Could you transcribe the entries below exactly, starting at the line that contains "Autographed 2025 Chase" and stopping at the last line, without any pictures?

┌─ SUPPLIED DATA

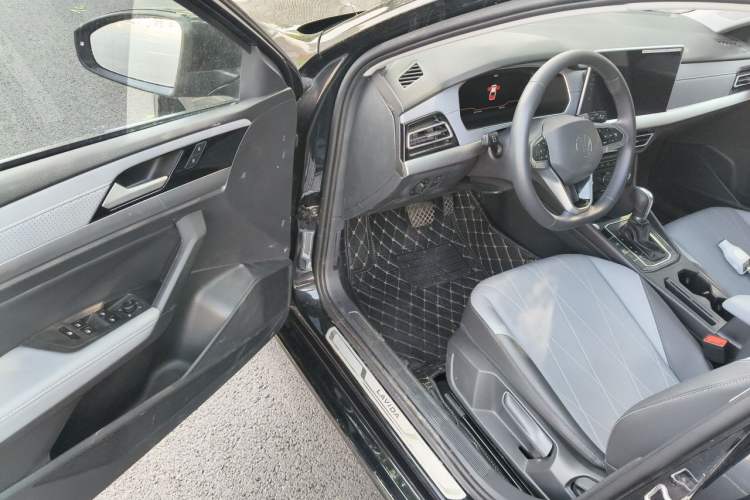 Used Volkswagen Lavida 2024 1.5L Automatic 5 Million Edition Driver Seat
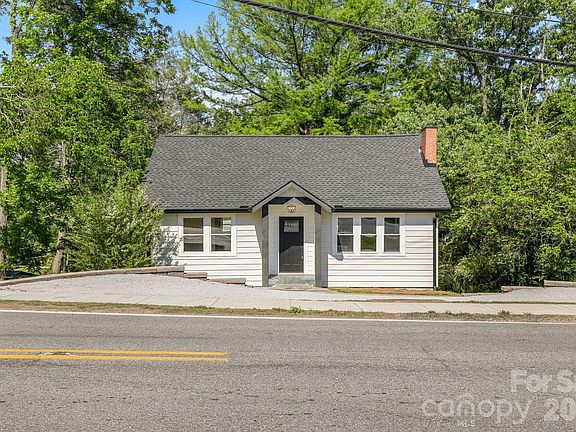 5th image of 523 Harrison Ave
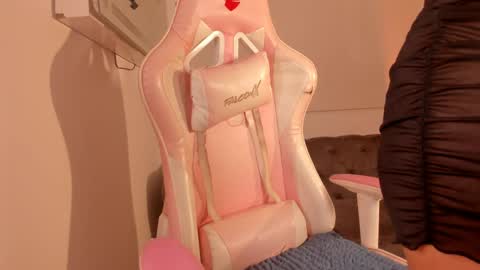 Snapshot of _evaa chatting on 04/08/26, 10:43 Eva online show from 04/08/26, 10:43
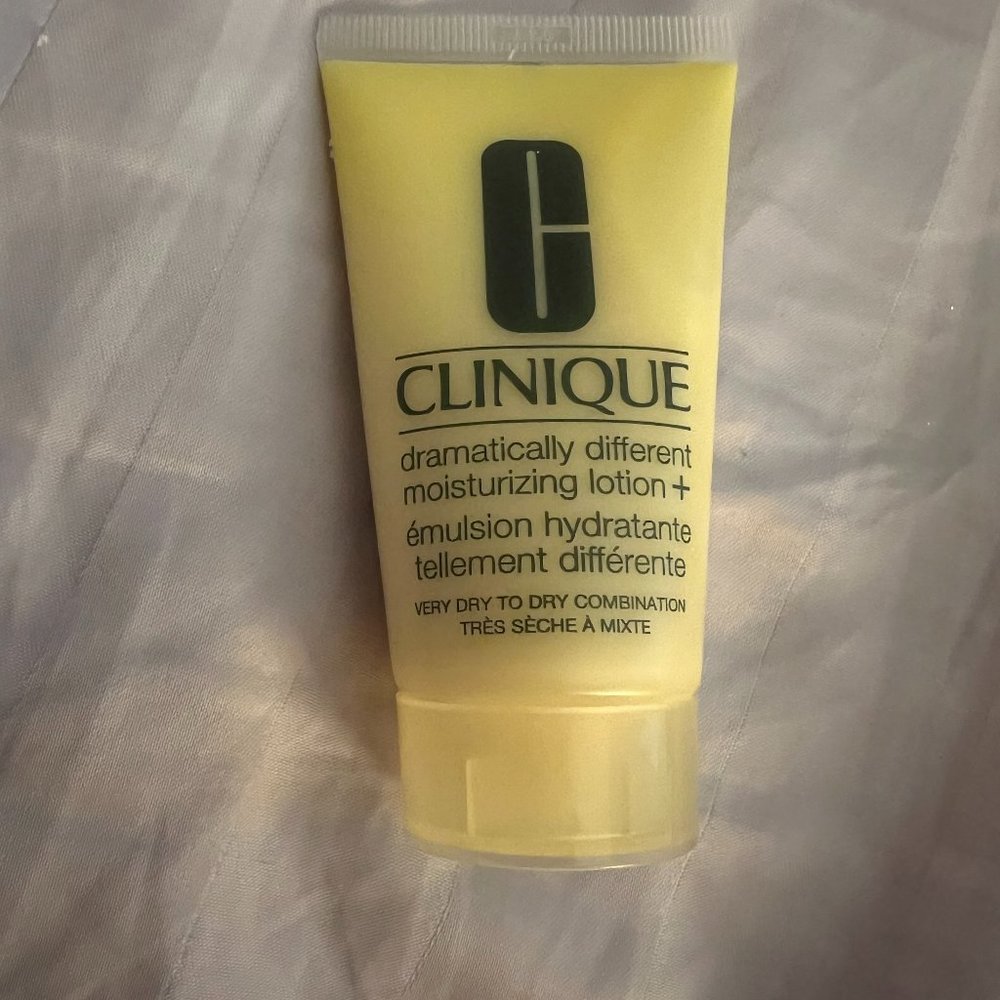 Clinique Dramatically Different Moisturizing Lotion +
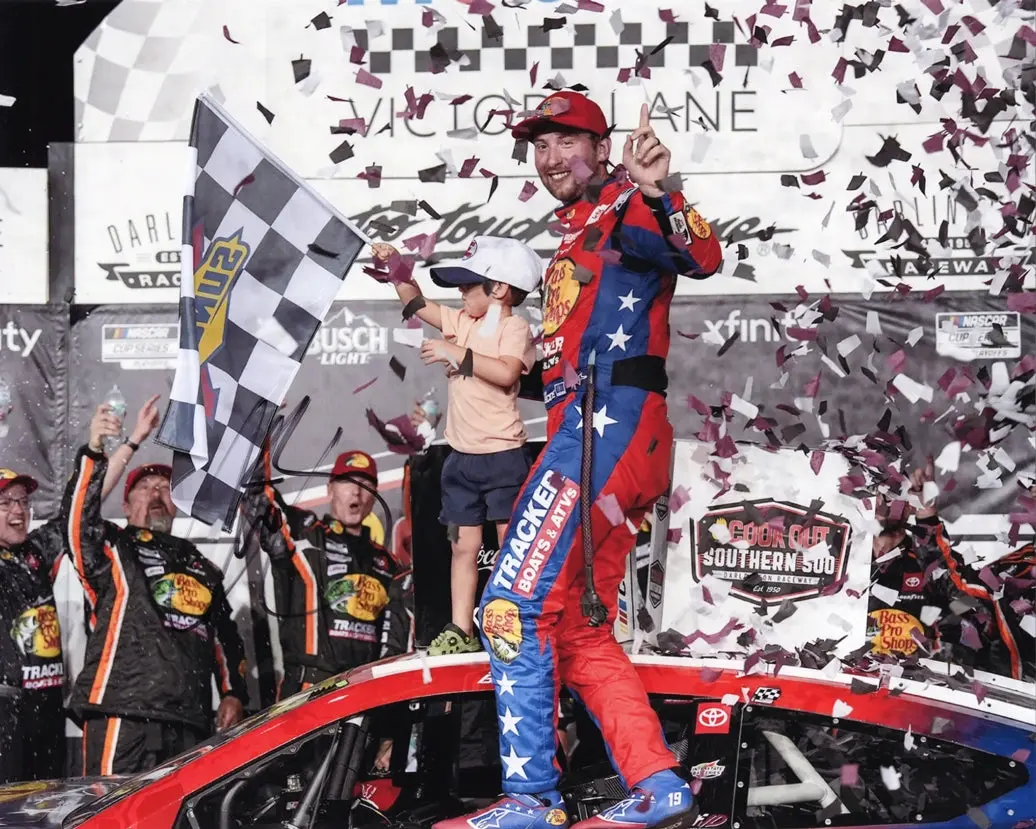 Autographed 2025 Chase Briscoe #19 Bass Pro Shops Patriotic - Darlington Race Win (Victory Celebration) Signed 8X10 Inch Picture Nascar Glossy Photo With Coa 1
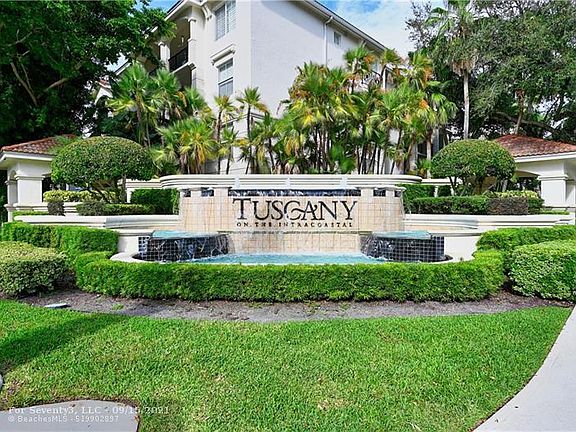 2nd image of 3103 Tuscany Way #3103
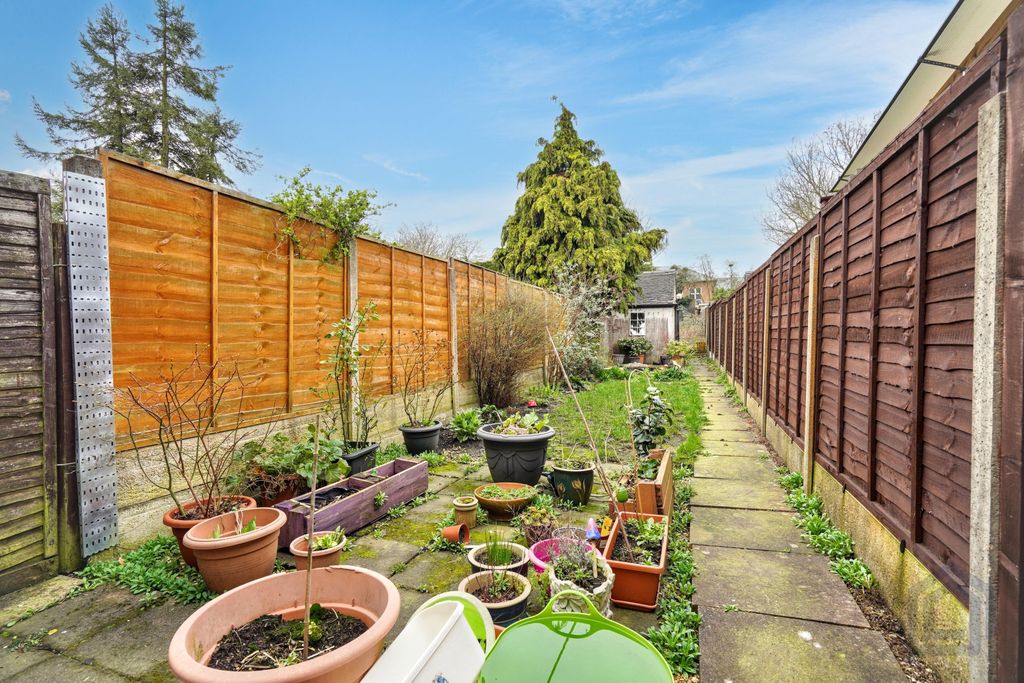 Property photo 2 of 20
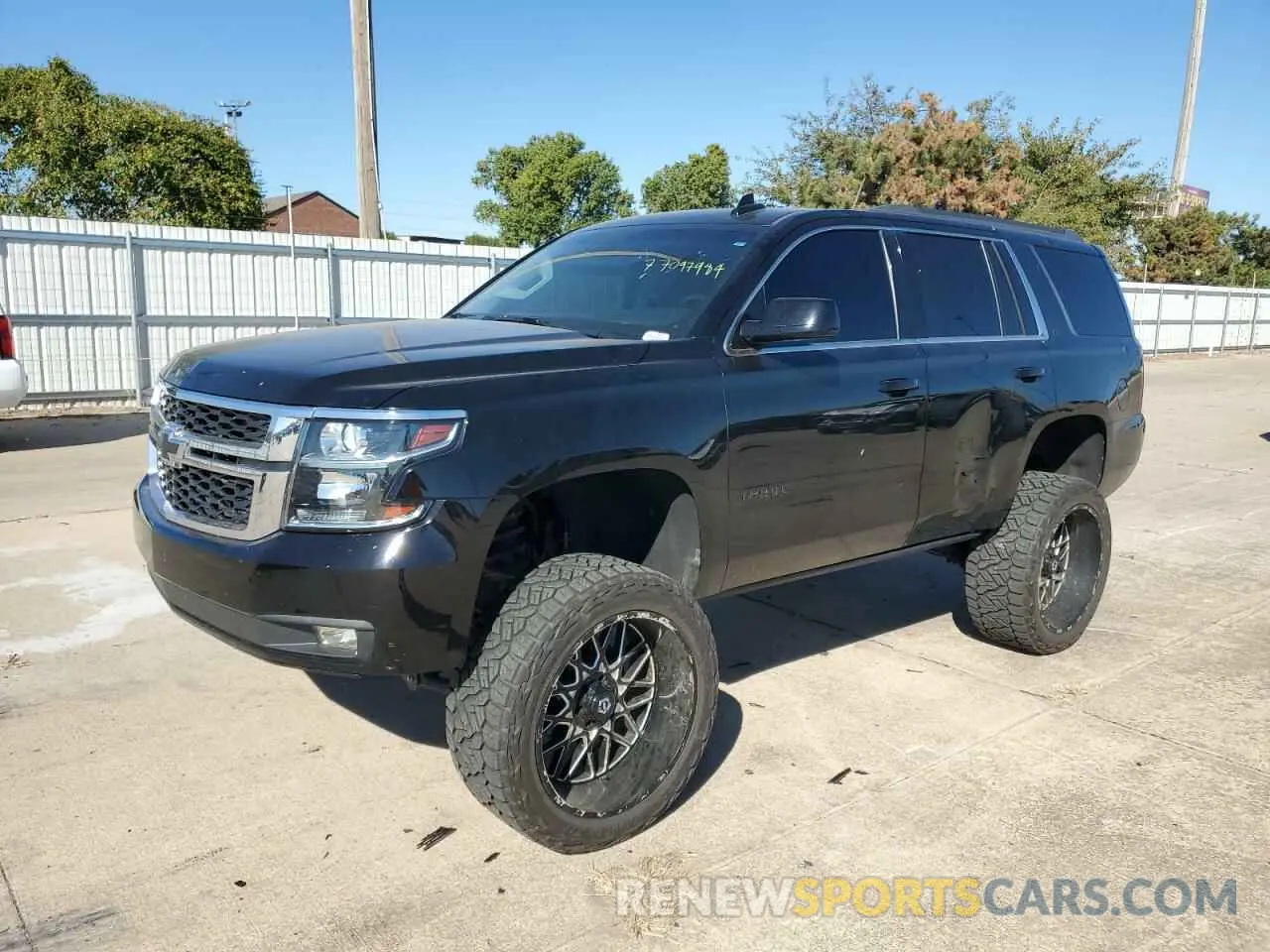 1 Photograph of a damaged car 1GNSKBKC8LR145977 CHEVROLET TAHOE 2020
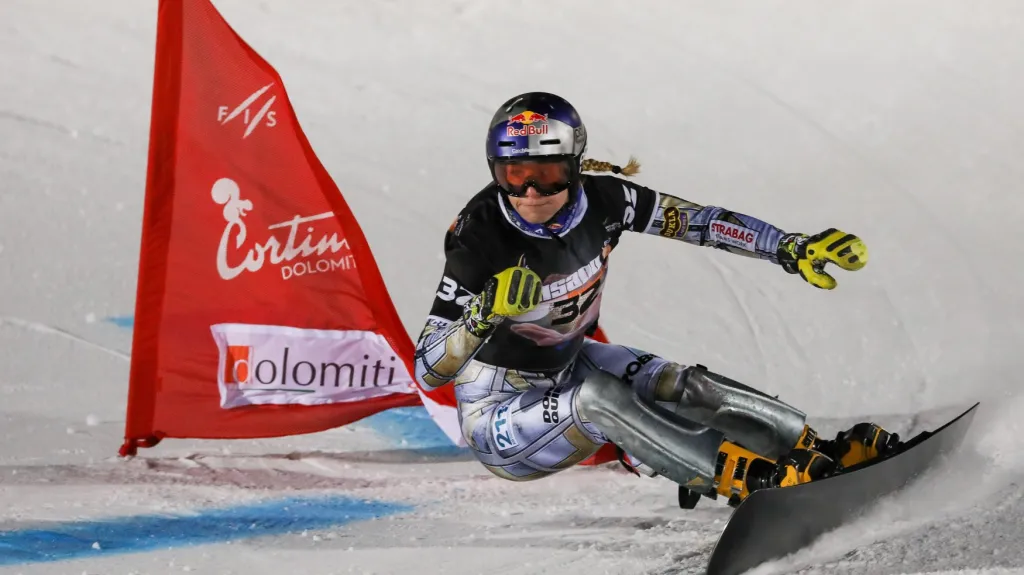 Ester Ledecká na trati v Cortině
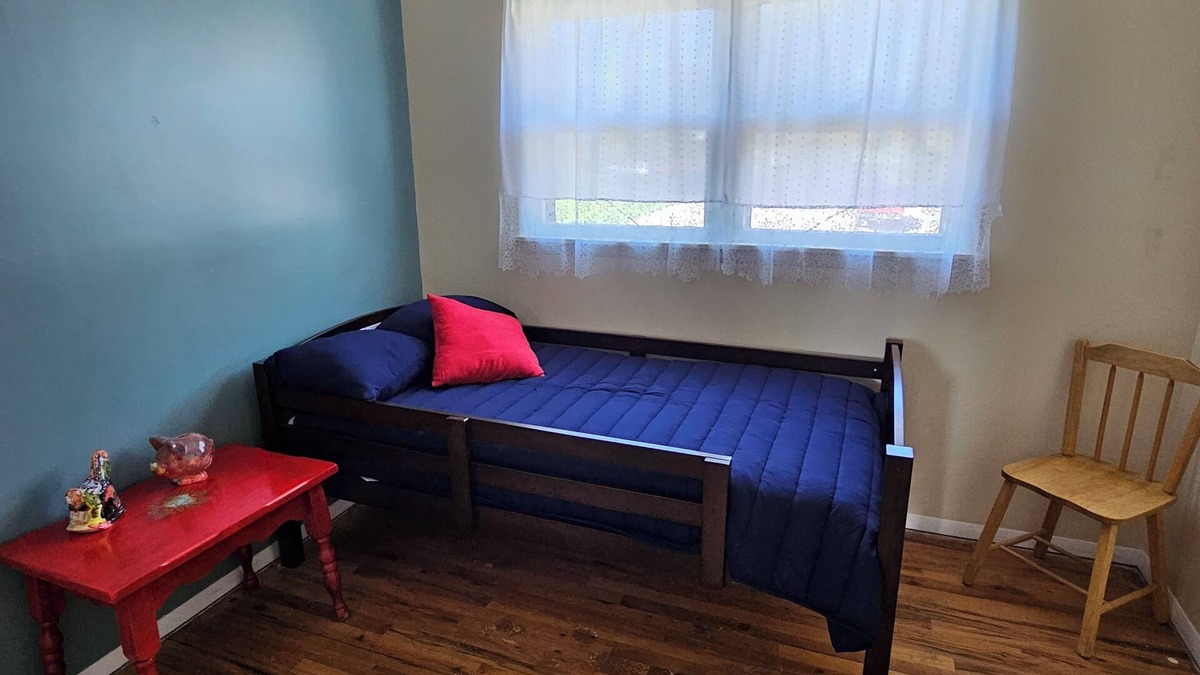 Casper House | Spacious 4-bedroom house in nice area of Casper fully stocked for your use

└─

■ ANSWER TO THIS EXERCISE:
 Autographed 2025 Chase Briscoe #19 Bass Pro Shops Patriotic - Darlington Race Win (Victory Celebration) Signed 8X10 Inch Picture Nascar Glossy Photo With Coa 1
 2nd image of 3103 Tuscany Way #3103
 Property photo 2 of 20
 1 Photograph of a damaged car 1GNSKBKC8LR145977 CHEVROLET TAHOE 2020
 Ester Ledecká na trati v Cortině
 Casper House | Spacious 4-bedroom house in nice area of Casper fully stocked for your use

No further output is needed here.